MFA Visit #2

Go to the MFA and choose a work of art that interests you because of the way it’s made.  Try to find something that uses a material in an unexpected manner.  Please write down what you think this artwork is about, and research who the artist is and what they use as an inspiration.  Additionally, explain what you think the next steps are for you to explore this material further.  How would you use this material in your own work? In what form or setting would you use this material?

Christian Boltanski’s Lumiéres (blue square – Sylvie) – incandescent light bulbs and gelatin silver print

This piece by Christian Boltanski uses light bulbs, which he painted blue, and a modified photograph he found at the flea market.  This blurred photo of a young girl is reminiscent of a Jewish person in the Holocaust era.  The materials create an ethereal, haunting blur that almost prevents the viewer from understanding the piece fully.  The image of “Sylvie” has been modified so you can barely see her face, as if it is only the memory of her.  You have an idea of what she used to look like, but you can never see all the details in your mind.  The cords further block her image, while the blue lights act as a memorial to preserve and highlight memories of the Holocaust with a “heavenly” glow.  It creates an area to reflect on the horrific events of the past.

Christian Boltanski is a self-taught sculptor, photographer, painter, and filmmaker.  He uses personal experiences or experiences of those close to him as inspiration.  He is so inspired by the World War II era because his Jewish father was in hiding at the time.  As a result, he often combines memory and photography to blur what is real and what is imagined in most of his pieces.

I found it interesting that Boltanski modified the photo from the flea market using gelatin silver print.  I am not familiar with the material, but the transformation it created with the photograph of “Sylvie” truly emphasized that the viewer is not familiar with Sylvie or her history.  Gyorgy Kepes (refer to photo below) and Kunié Sugiura also had pieces in the exhibit where they modified photos using gelatin silver print.  Both artists also exposed objects to different light sources to leave imprints (memories) and transformed results of the original objects.  Though I might not use light bulbs in my own work, I could explore different types of light and how it can affect objects to create memories of them.  I am intrigued by the sense of unpredictability and the transformation of familiar materials.

Gyorgy Kepes’ Untitled – photograph, photogram, gelatin silver print with opaque white watercolor

Bibliography

1.  Boltanski, Christian.
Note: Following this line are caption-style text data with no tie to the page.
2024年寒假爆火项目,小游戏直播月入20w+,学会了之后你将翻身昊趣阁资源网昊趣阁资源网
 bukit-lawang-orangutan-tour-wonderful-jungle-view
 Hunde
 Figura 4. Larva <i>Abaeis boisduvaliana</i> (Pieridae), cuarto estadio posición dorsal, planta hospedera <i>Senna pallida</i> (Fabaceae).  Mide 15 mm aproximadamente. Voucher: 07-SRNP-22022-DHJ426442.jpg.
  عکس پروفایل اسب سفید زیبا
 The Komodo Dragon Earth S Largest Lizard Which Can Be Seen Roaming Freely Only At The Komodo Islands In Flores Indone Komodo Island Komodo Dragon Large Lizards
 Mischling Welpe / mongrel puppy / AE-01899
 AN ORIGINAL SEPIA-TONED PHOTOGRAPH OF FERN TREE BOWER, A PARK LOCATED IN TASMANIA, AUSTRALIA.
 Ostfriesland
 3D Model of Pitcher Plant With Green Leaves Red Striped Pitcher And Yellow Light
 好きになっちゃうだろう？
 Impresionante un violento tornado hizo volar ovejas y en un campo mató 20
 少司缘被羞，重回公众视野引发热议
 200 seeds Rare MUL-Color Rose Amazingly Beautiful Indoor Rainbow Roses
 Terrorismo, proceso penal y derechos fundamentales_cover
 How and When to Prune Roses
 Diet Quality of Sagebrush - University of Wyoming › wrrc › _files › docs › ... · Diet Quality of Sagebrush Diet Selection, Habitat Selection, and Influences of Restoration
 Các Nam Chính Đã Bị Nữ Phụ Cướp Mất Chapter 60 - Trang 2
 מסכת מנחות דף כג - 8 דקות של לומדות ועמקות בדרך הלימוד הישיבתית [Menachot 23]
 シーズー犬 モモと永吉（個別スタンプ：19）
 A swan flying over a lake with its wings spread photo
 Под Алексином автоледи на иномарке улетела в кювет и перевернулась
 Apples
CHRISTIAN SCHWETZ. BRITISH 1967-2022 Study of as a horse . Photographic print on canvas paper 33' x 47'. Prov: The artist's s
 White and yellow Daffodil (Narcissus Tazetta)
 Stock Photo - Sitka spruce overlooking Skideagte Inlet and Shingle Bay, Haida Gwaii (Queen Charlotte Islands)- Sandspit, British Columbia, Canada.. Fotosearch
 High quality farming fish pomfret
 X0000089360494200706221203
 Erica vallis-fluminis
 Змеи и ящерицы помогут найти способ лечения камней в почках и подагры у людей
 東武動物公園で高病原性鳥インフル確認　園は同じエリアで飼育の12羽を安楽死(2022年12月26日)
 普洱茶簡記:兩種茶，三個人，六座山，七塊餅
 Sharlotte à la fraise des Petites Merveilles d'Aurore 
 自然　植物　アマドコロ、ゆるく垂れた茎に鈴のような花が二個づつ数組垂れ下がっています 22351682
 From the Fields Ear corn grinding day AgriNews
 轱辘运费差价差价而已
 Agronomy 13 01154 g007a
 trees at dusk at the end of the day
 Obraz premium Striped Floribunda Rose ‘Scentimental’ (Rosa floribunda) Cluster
Lumiéres (blue square – Sylvie). 2000. Mixed Media. Museum of Fine Arts, Boston, Massachusetts.

2.  Boltanski, Christian. 1981. Works by Christian Boltanski, MoMA. MoMA | The Collection. Oxford University Press, 2009. Web. 15 Sept. 2013. <http://www.moma.org/collection/artist.php?artist_id=649&gt;.

Additional Interests from Site Visit:

  • Kay Sekimachi’s Amiyose V – woven nylon monofilament, plastic tubing
  • Lynda Benglis’ Wing – cast aluminum
  • Peter Sacks’ Necessity 8 – mixed media on canvas
  • Liliana Porter’s Untitled with Fallen Chairs – acrylic and found objects on canvas
  • Ann Hamilton’s Untitled – linen, white horsehair, and thread in maple and glass case
  • Gugger Petter’s Bolsjer #1 – woven newspaper and hemp
  • Lillian Elliott’s Kurdish Amulet – stitched bark, plaited splints, cotton plain weave, acrylic pigment
  • Gyorgy Kepes’ Untitled – photograph, photogram, gelatin silver print with opaque white watercolor
  • Kunié Sugiura’s Genealogical Flora Fused – photograph, photogram, gelatin silver print, toned

MFA Visit #1

Go to the MFA and find something that’s interesting to you.  Become aware of the how the “artwork” (doesn’t have to be what’s on display, it could be a mural, etc.) affects the MFA environment.  What about the MFA inspires me?

Nishida Jun’s Zetsu #8 instantly sparked my curiosity.  There are three objects that sit individually in glass cases in a room painted all black.  Light only shines on the objects, which appear to be completely white.  The stark contrast between the black room and white objects highlight this exhibit more drastically than other objects in the museum. Upon closer observation, I could see blue, green, yellow, and other colors lightly appearing in the white.  Each object looks heavy and strong because of its rock-like appearance, but the many layers also make it look like it could crumble easily.  They are reminiscent of glaciers or pieces of a landscape, similar to Maya Lin’s Systematic Landscapes.  These three pieces of the landscape were originally one larger piece, which the artist purposefully broke into multiple.  This action revealed the many layers that represent each step in the process of making the sculpture.  I found the environment inspiring because it allowed the artwork to take the main stage.  The dark room provided a calm presence that allows you to contemplate the work and appreciate it’s beauty.  The sculpture’s reflection in the glass gives the appearance of the object in the context of a landscape, recreating the whole piece it once was.